04-17-2018, 03:23 AM
A side effect of Trump tax...
Quote:Saving American jobs from going overseas was the cornerstone of candidate Trump’s populist campaign for president. “We’re just shipping company after company after company is leaving this country and leaving jobs behind,” Trump said in March of 2016. “And I’m going to get it stopped.” In October of 2017, while the GOP tax bill was in its early stages, Trump announced he was looking into legislation that would actively punish companies that moved overseas. He told Forbes magazine that U.S. companies that move their operations to another country would “get penalized severely.”CBO confirms GOP tax bill will worsen offshore tax dodging – ThinkProgress
An overlooked part of the Congressional Budget Office report released last week, however, suggests corporations may be incentivized under the legislation to offshore “tangible assets” like factories and offices. “By locating more tangible assets abroad, a corporation is able to reduce the amount of foreign income that is categorized as GILTI (Global Intangible Low Taxed Income),” the report said. “Similarly, by locating fewer tangible assets in the United States, a corporation can increase the amount of U.S. income that can be deducted as FDII (Foreign-Derived Intangible Income). Together, the provisions may increase corporations’ incentive to locate tangible assets abroad.”

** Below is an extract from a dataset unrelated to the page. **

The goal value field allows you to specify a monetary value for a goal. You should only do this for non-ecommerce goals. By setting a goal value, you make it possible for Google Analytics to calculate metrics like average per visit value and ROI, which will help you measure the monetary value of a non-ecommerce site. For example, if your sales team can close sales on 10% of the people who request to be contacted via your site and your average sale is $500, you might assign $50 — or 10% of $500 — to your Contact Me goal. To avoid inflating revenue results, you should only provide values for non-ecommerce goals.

The CBO findings echo analysis from non-partisan think tanks like the Institute on Taxation and Economic Policy, which found that the Republican Tax Cuts and Jobs Act would make offshore tax dodging even worse than it was before. The Center on Budget and Policy Priorities similarly found that the plan is “likely to lead to more outsourcing of U.S. jobs and a larger trade deficit” due to its tax cuts for overseas profits.